*Instructions for the task*. The records should be copied out again with no alteration.

*Dataset records*.
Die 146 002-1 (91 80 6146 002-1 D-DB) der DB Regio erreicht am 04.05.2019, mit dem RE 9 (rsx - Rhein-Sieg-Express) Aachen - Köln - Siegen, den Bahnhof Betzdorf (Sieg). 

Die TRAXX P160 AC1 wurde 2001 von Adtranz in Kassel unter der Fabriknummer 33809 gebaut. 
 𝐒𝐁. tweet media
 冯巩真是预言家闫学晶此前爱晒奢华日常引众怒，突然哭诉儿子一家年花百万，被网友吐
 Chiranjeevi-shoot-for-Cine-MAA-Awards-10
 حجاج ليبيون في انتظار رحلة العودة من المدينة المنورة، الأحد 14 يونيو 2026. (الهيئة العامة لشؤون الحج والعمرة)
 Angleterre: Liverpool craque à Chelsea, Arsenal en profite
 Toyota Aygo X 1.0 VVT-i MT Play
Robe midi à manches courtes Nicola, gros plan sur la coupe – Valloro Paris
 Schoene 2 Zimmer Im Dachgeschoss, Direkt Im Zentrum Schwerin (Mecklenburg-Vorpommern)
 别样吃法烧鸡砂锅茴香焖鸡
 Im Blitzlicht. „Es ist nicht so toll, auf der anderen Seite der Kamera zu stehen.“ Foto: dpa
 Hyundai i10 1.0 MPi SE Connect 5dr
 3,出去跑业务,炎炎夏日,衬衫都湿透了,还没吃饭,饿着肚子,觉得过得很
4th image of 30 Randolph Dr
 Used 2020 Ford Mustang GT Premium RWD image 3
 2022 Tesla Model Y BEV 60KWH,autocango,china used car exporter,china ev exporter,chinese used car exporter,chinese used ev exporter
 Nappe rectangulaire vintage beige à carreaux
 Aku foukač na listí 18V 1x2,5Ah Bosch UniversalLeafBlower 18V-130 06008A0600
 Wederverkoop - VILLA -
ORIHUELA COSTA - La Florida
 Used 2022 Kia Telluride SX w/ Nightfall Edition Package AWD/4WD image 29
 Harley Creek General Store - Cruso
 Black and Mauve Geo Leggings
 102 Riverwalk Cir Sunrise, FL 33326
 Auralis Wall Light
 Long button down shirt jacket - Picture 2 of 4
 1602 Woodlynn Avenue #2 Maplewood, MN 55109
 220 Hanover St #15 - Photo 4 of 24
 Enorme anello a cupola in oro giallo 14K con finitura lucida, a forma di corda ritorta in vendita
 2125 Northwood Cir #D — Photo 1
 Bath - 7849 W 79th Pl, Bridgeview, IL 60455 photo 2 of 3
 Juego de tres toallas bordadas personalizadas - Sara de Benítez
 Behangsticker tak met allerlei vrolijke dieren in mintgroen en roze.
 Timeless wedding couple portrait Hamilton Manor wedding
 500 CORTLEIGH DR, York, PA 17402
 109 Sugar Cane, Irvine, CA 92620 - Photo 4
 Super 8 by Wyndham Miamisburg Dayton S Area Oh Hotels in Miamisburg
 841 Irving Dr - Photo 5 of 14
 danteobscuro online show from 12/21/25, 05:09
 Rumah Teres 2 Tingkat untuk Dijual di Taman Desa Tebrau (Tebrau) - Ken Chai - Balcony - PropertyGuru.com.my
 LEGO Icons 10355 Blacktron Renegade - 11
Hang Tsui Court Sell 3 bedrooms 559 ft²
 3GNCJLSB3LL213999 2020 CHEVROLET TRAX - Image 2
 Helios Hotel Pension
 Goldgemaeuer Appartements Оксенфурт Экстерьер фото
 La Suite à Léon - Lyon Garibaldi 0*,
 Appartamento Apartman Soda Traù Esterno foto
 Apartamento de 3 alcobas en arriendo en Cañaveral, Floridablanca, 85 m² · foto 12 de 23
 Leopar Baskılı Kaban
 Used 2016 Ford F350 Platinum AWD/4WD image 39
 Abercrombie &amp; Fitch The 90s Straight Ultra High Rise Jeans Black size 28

*Answer to the exercise*.
Die 146 002-1 (91 80 6146 002-1 D-DB) der DB Regio erreicht am 04.05.2019, mit dem RE 9 (rsx - Rhein-Sieg-Express) Aachen - Köln - Siegen, den Bahnhof Betzdorf (Sieg). 

Die TRAXX P160 AC1 wurde 2001 von Adtranz in Kassel unter der Fabriknummer 33809 gebaut. 
 𝐒𝐁. tweet media
 冯巩真是预言家闫学晶此前爱晒奢华日常引众怒，突然哭诉儿子一家年花百万，被网友吐
 Chiranjeevi-shoot-for-Cine-MAA-Awards-10
 حجاج ليبيون في انتظار رحلة العودة من المدينة المنورة، الأحد 14 يونيو 2026. (الهيئة العامة لشؤون الحج والعمرة)
 Angleterre: Liverpool craque à Chelsea, Arsenal en profite
 Toyota Aygo X 1.0 VVT-i MT Play
Robe midi à manches courtes Nicola, gros plan sur la coupe – Valloro Paris
 Schoene 2 Zimmer Im Dachgeschoss, Direkt Im Zentrum Schwerin (Mecklenburg-Vorpommern)
 别样吃法烧鸡砂锅茴香焖鸡
 Im Blitzlicht. „Es ist nicht so toll, auf der anderen Seite der Kamera zu stehen.“ Foto: dpa
 Hyundai i10 1.0 MPi SE Connect 5dr
 3,出去跑业务,炎炎夏日,衬衫都湿透了,还没吃饭,饿着肚子,觉得过得很
4th image of 30 Randolph Dr
 Used 2020 Ford Mustang GT Premium RWD image 3
 2022 Tesla Model Y BEV 60KWH,autocango,china used car exporter,china ev exporter,chinese used car exporter,chinese used ev exporter
 Nappe rectangulaire vintage beige à carreaux
 Aku foukač na listí 18V 1x2,5Ah Bosch UniversalLeafBlower 18V-130 06008A0600
 Wederverkoop - VILLA -
ORIHUELA COSTA - La Florida
 Used 2022 Kia Telluride SX w/ Nightfall Edition Package AWD/4WD image 29
 Harley Creek General Store - Cruso
 Black and Mauve Geo Leggings
 102 Riverwalk Cir Sunrise, FL 33326
 Auralis Wall Light
 Long button down shirt jacket - Picture 2 of 4
 1602 Woodlynn Avenue #2 Maplewood, MN 55109
 220 Hanover St #15 - Photo 4 of 24
 Enorme anello a cupola in oro giallo 14K con finitura lucida, a forma di corda ritorta in vendita
 2125 Northwood Cir #D — Photo 1
 Bath - 7849 W 79th Pl, Bridgeview, IL 60455 photo 2 of 3
 Juego de tres toallas bordadas personalizadas - Sara de Benítez
 Behangsticker tak met allerlei vrolijke dieren in mintgroen en roze.
 Timeless wedding couple portrait Hamilton Manor wedding
 500 CORTLEIGH DR, York, PA 17402
 109 Sugar Cane, Irvine, CA 92620 - Photo 4
 Super 8 by Wyndham Miamisburg Dayton S Area Oh Hotels in Miamisburg
 841 Irving Dr - Photo 5 of 14
 danteobscuro online show from 12/21/25, 05:09
 Rumah Teres 2 Tingkat untuk Dijual di Taman Desa Tebrau (Tebrau) - Ken Chai - Balcony - PropertyGuru.com.my
 LEGO Icons 10355 Blacktron Renegade - 11
Hang Tsui Court Sell 3 bedrooms 559 ft²
 3GNCJLSB3LL213999 2020 CHEVROLET TRAX - Image 2
 Helios Hotel Pension
 Goldgemaeuer Appartements Оксенфурт Экстерьер фото
 La Suite à Léon - Lyon Garibaldi 0*,
 Appartamento Apartman Soda Traù Esterno foto
 Apartamento de 3 alcobas en arriendo en Cañaveral, Floridablanca, 85 m² · foto 12 de 23
 Leopar Baskılı Kaban
 Used 2016 Ford F350 Platinum AWD/4WD image 39
 Abercrombie &amp; Fitch The 90s Straight Ultra High Rise Jeans Black size 28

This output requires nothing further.